=== Task description ===
The entries are to be repeated exactly, with all pictures omitted.

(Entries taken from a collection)
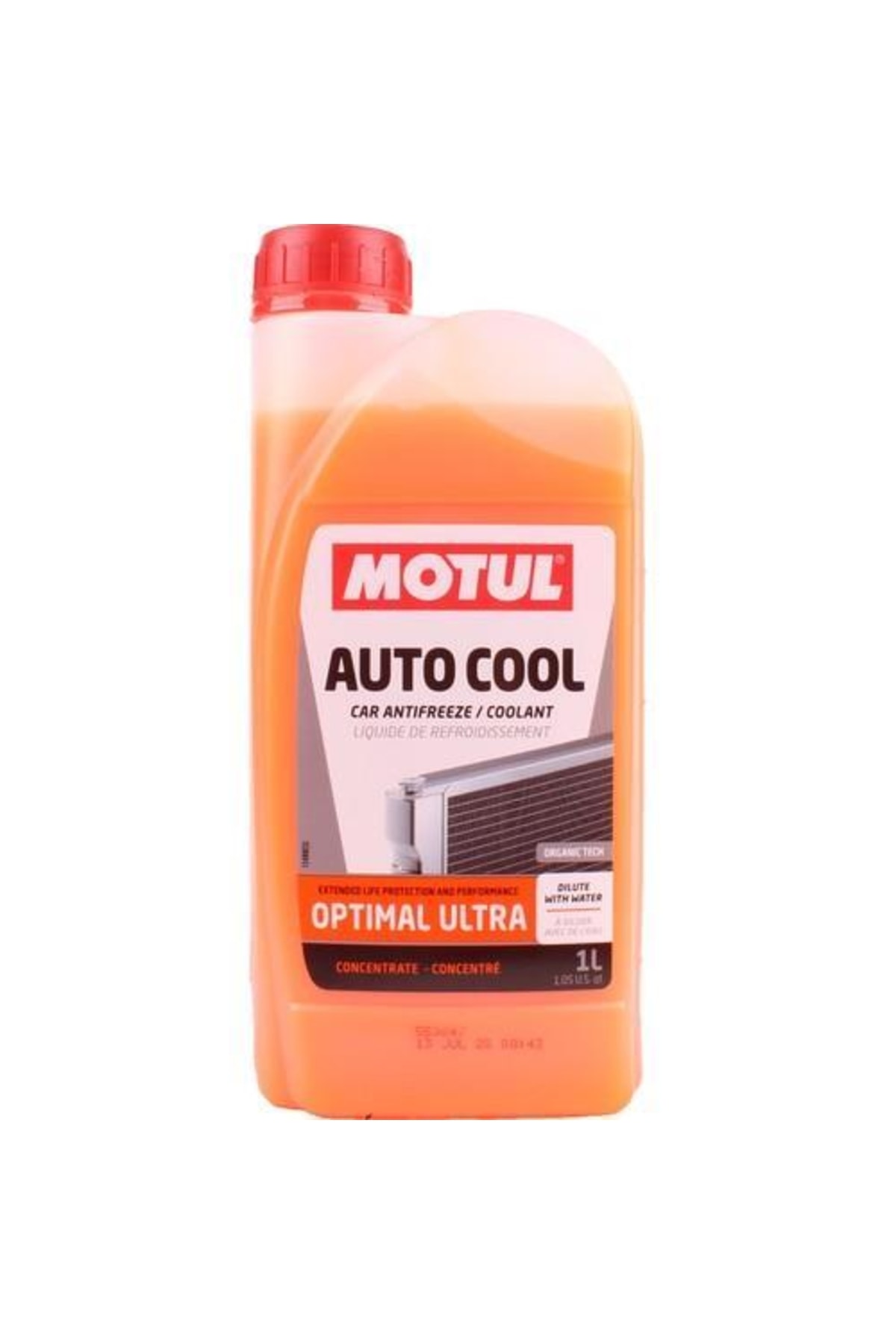 Motul auto. 109116 motul. motul auto cool optimal -37°c. антифриз motul 109117. антифриз motul auto cool g13.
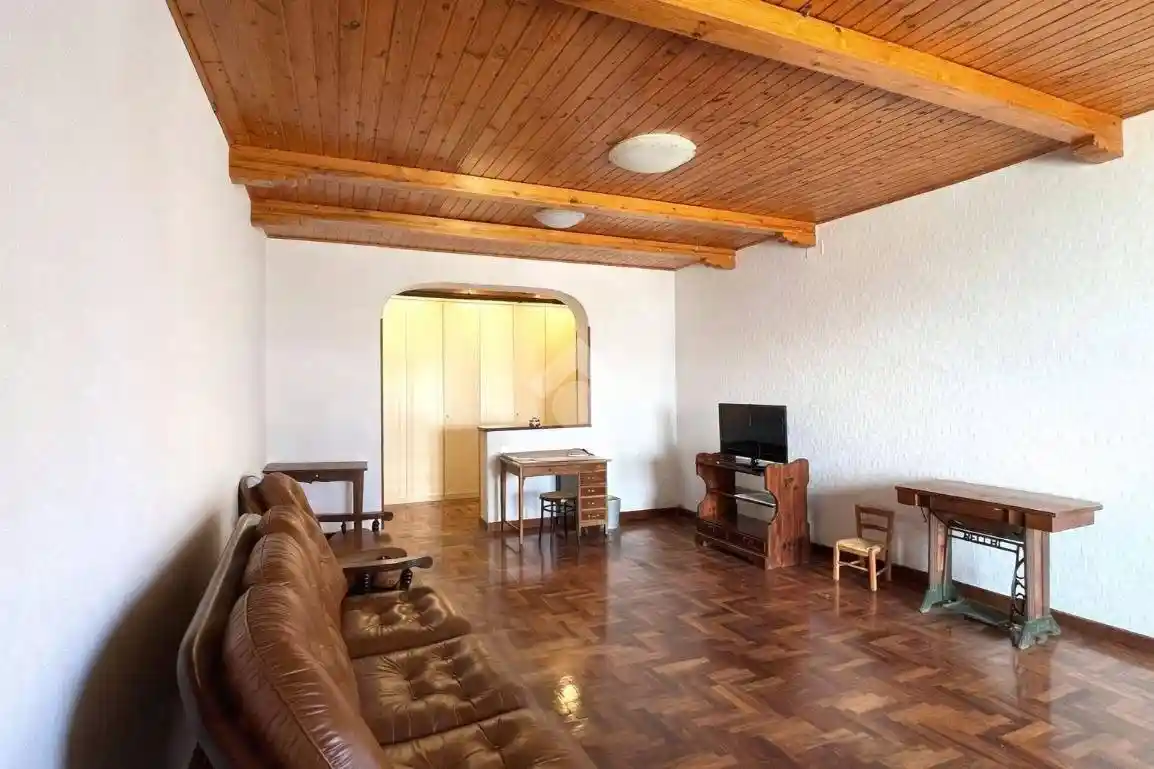 Appartamento in vendita a San Giovanni Rotondo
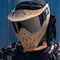 HSTL® Goggle - Tan w/ Smoke Thermal Lens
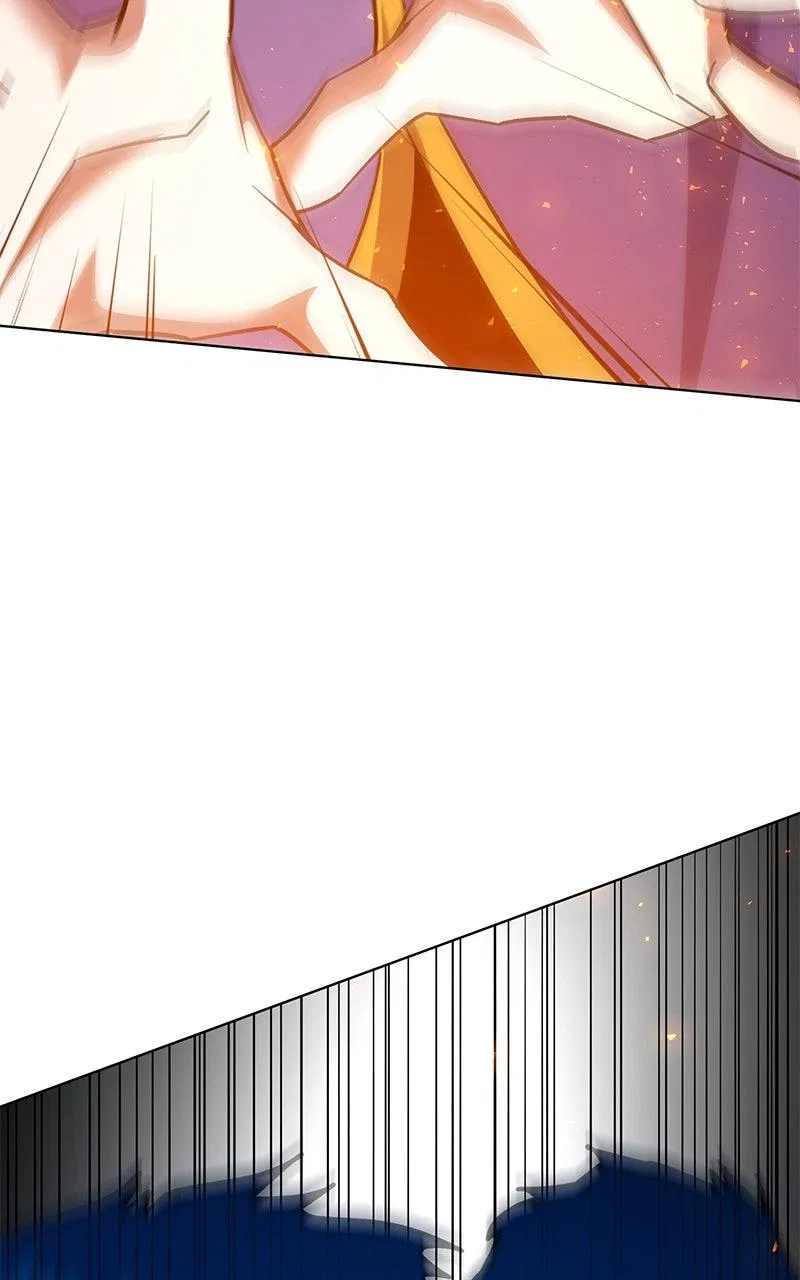 Surviving in an Action Manhwa Chapter 133 – Page 113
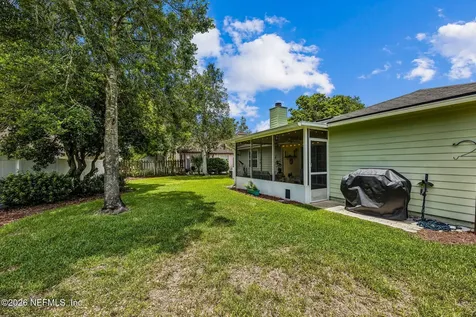 4479 Hunters Haven Lane E Jacksonville FL 32224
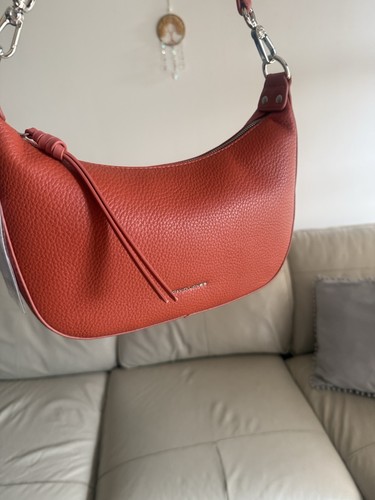 David jones hobo bag - hobo, in
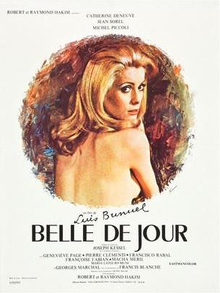 download movie belle de jour film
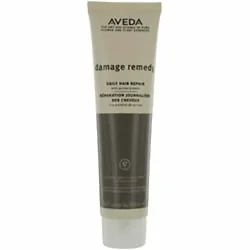 Aveda-216921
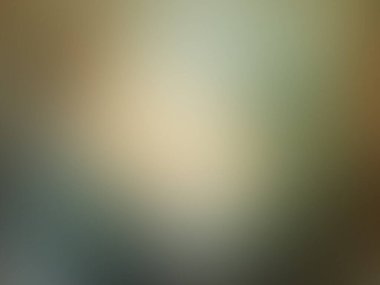 Bulanık ışık çizgileri renkli arkaplan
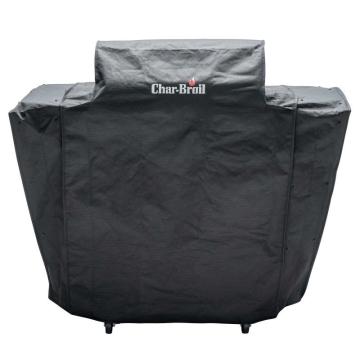 Husa pentru gratar Char-Broil Smart-E, 140118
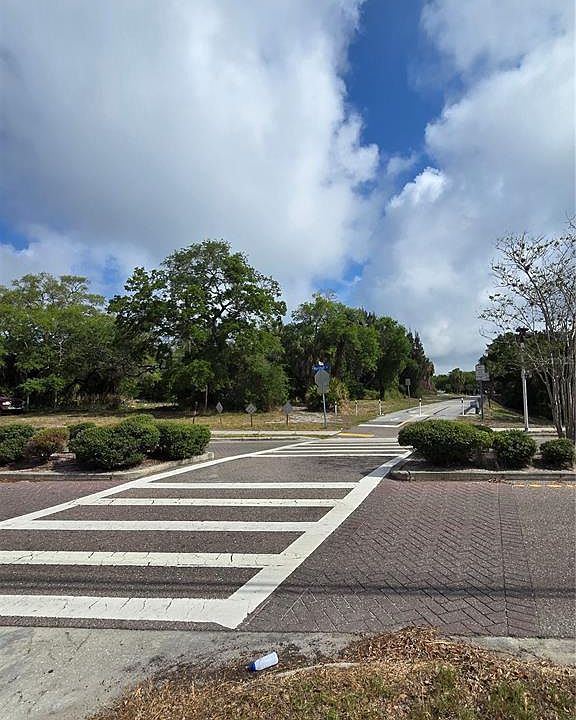 2nd image of 0 Marshall St Lot 1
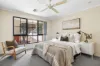 13 Clydesdale Place, Nairne, SA 5252-Image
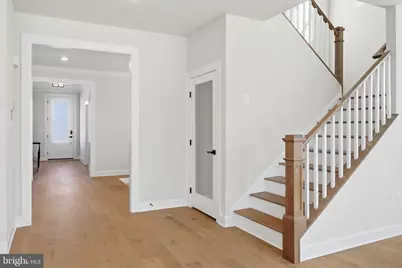 200 Mayfield Lane, Newtown, PA 18940 - Photo 24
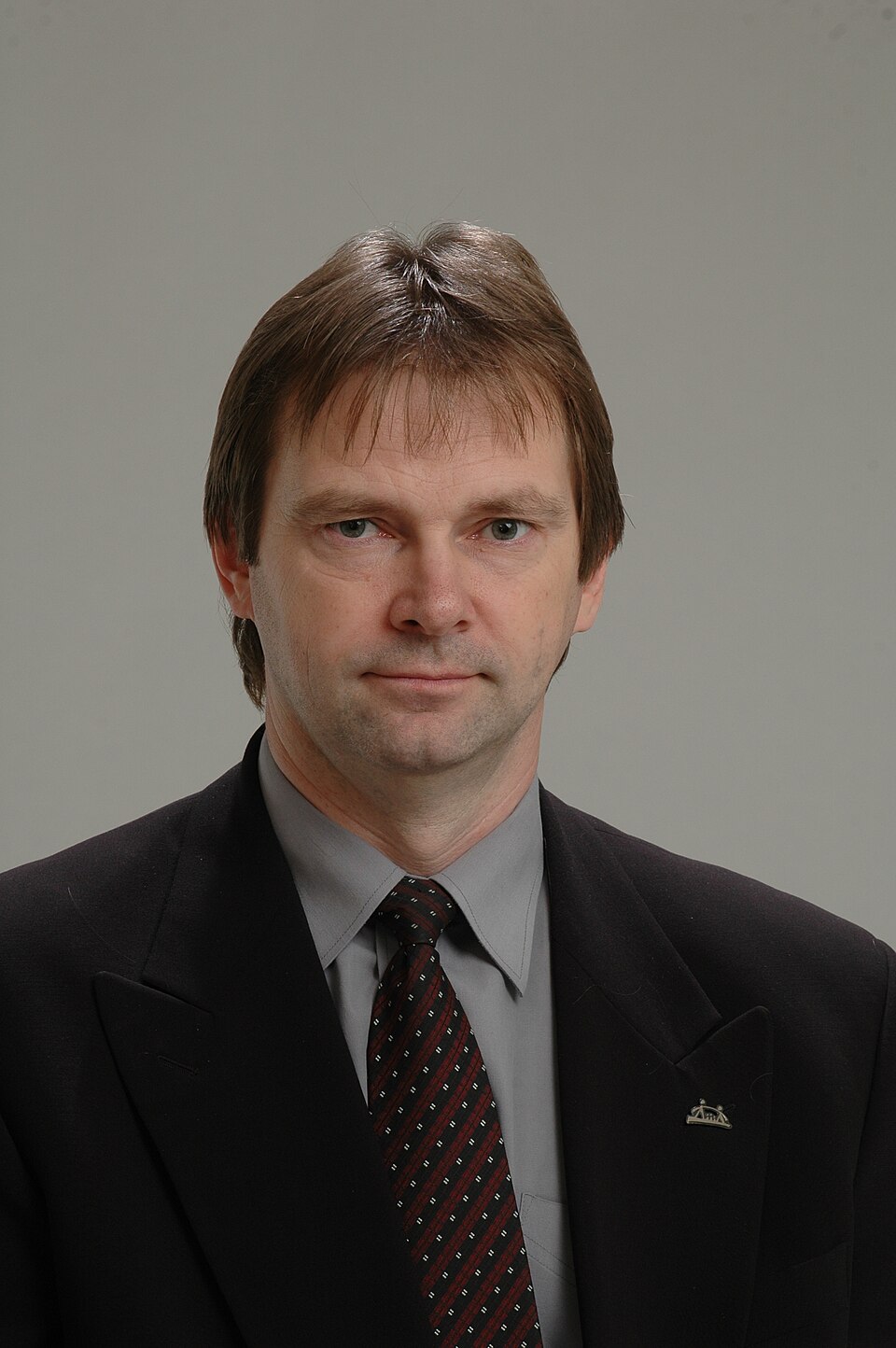 Jānis Eglītis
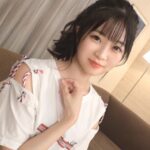 おとなげないNTR！スタイル抜群ジムインストラクターの美体と不貞な密会！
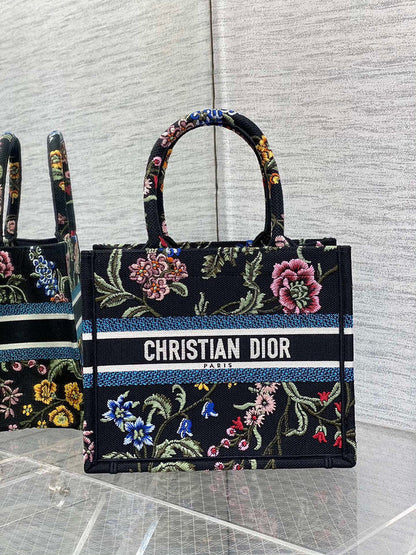 LTB - Luxe Touch Bags - 1296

=== Exercise result ===
 Motul auto. 109116 motul. motul auto cool optimal -37°c. антифриз motul 109117. антифриз motul auto cool g13.
 Appartamento in vendita a San Giovanni Rotondo
 HSTL® Goggle - Tan w/ Smoke Thermal Lens
 Surviving in an Action Manhwa Chapter 133 – Page 113
 4479 Hunters Haven Lane E Jacksonville FL 32224
 David jones hobo bag - hobo, in
 download movie belle de jour film
 Aveda-216921
 Bulanık ışık çizgileri renkli arkaplan
 Husa pentru gratar Char-Broil Smart-E, 140118
 2nd image of 0 Marshall St Lot 1
 13 Clydesdale Place, Nairne, SA 5252-Image
 200 Mayfield Lane, Newtown, PA 18940 - Photo 24
 Jānis Eglītis
 おとなげないNTR！スタイル抜群ジムインストラクターの美体と不貞な密会！
 LTB - Luxe Touch Bags - 1296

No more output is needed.